TASK STATEMENT —
Nothing below is to be printed except the lines between the line holding "Celebran aniversario de dotación de tierras" and the line holding "Volkswagen T-Roc 1.5", inclusive, each exactly as it appears.

··· ENTRIES PROVIDED

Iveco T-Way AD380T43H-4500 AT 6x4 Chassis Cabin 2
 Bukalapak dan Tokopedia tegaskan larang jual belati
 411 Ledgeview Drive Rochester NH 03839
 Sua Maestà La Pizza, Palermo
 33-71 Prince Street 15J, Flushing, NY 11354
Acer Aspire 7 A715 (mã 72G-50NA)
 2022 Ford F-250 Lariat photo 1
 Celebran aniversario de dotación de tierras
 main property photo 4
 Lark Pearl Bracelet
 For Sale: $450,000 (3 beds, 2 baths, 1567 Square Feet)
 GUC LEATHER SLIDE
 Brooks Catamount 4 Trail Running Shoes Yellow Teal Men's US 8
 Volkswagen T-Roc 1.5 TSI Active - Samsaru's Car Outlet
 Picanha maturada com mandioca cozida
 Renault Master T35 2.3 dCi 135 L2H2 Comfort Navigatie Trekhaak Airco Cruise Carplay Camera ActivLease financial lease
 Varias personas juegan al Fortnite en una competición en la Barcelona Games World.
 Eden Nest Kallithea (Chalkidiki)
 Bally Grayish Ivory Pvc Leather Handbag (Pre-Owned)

······

RESPONSE FOR THIS EXERCISE —
 Celebran aniversario de dotación de tierras
 main property photo 4
 Lark Pearl Bracelet
 For Sale: $450,000 (3 beds, 2 baths, 1567 Square Feet)
 GUC LEATHER SLIDE
 Brooks Catamount 4 Trail Running Shoes Yellow Teal Men's US 8
 Volkswagen T-Roc 1.5 TSI Active - Samsaru's Car Outlet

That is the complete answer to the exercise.